## [EXERCISE AIM]
From the first line of the listing to the last, set down everything exactly, but skip the images.

## [GIVEN INFORMATION]
◆ ◆ ◆

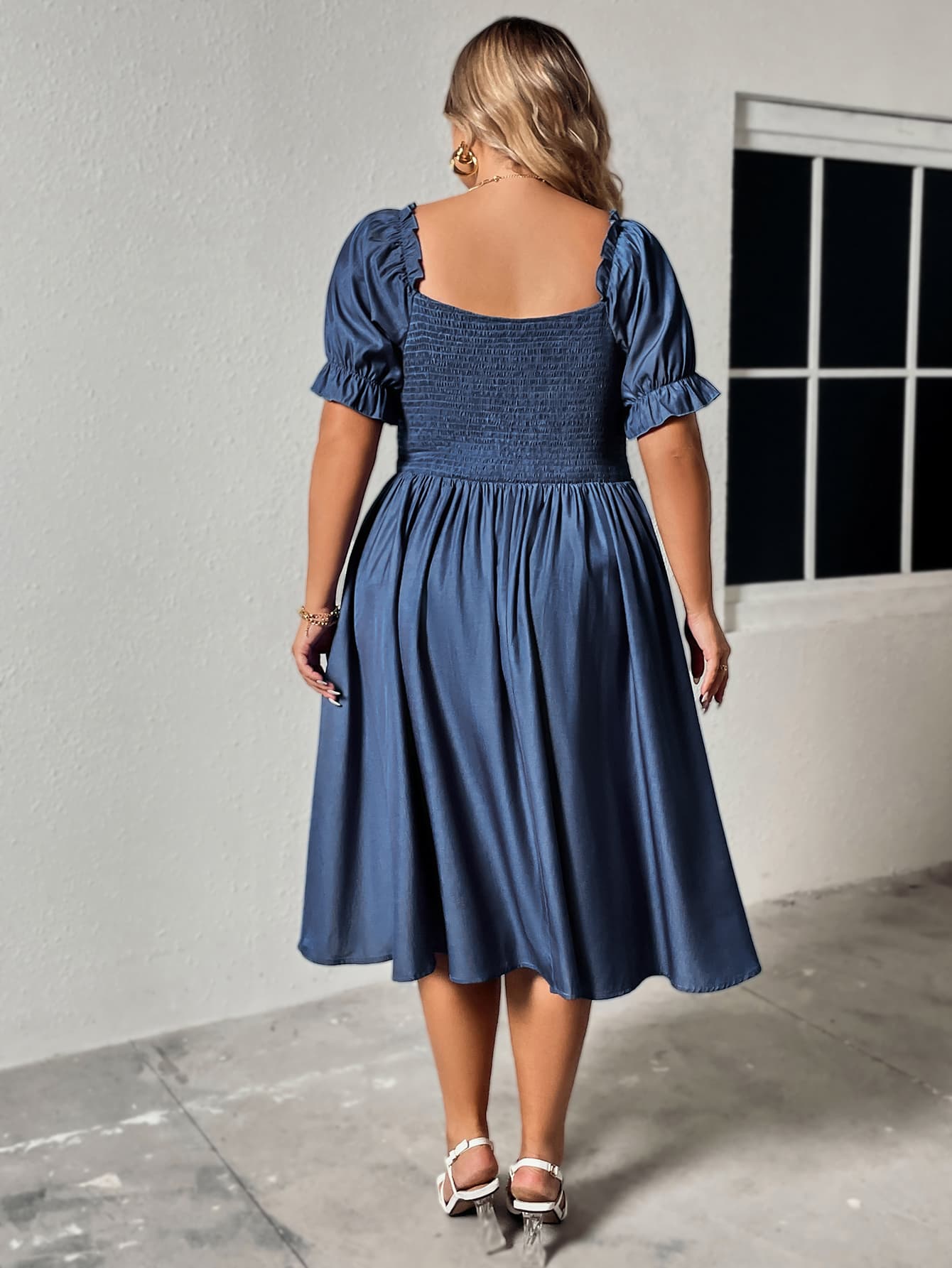 Curve Ruched Sweetheart Neck Dress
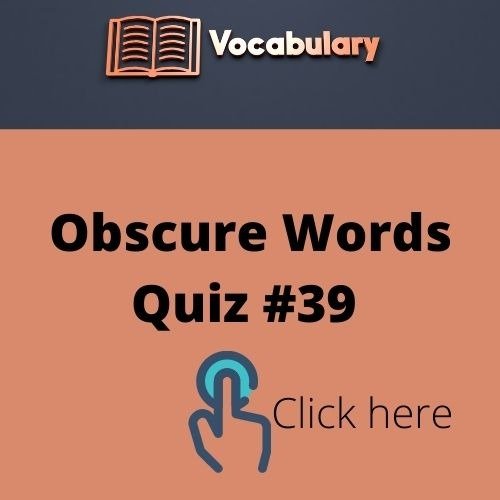 Obscure Words Quiz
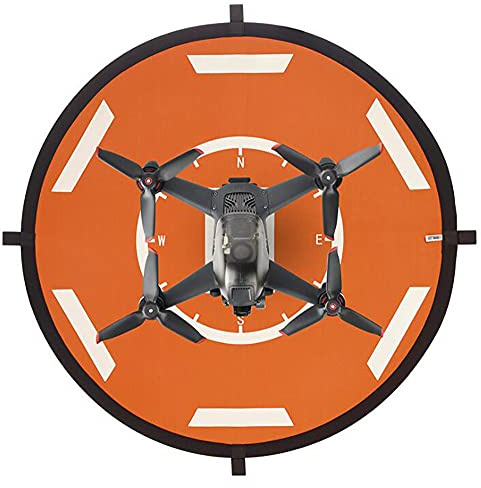 Hsthe Sea Hsthe Sea Round Shape Drone Landing Pad, Drone Zubehör, Drone Pad Universal Wasserdicht Faltbar Drone Helikopter Landeplatz 56cm/22Zoll, für Air 2S/FPV/Mavic Mini 2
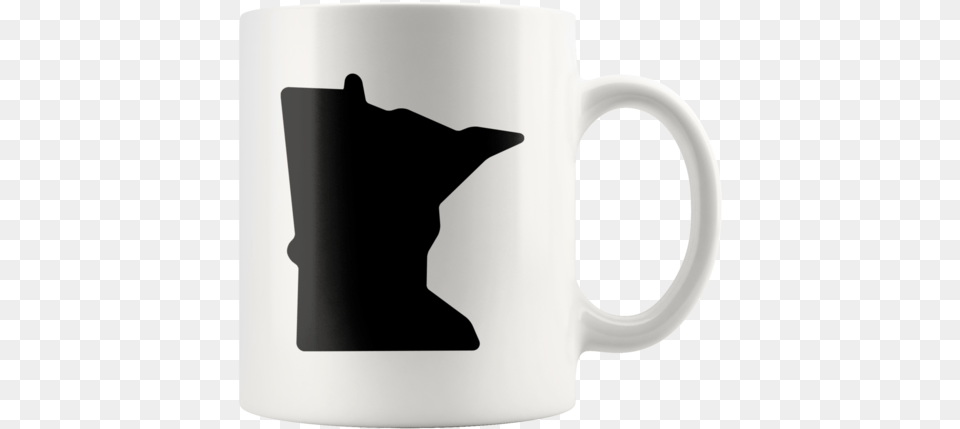 Minnesota Mug In White Minnesota, Cup, Beverage, Coffee, Coffee Cup Free Png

◆ ◆ ◆

## [RESULT BELOW]
 Curve Ruched Sweetheart Neck Dress
 Obscure Words Quiz
 Hsthe Sea Hsthe Sea Round Shape Drone Landing Pad, Drone Zubehör, Drone Pad Universal Wasserdicht Faltbar Drone Helikopter Landeplatz 56cm/22Zoll, für Air 2S/FPV/Mavic Mini 2
 Minnesota Mug In White Minnesota, Cup, Beverage, Coffee, Coffee Cup Free Png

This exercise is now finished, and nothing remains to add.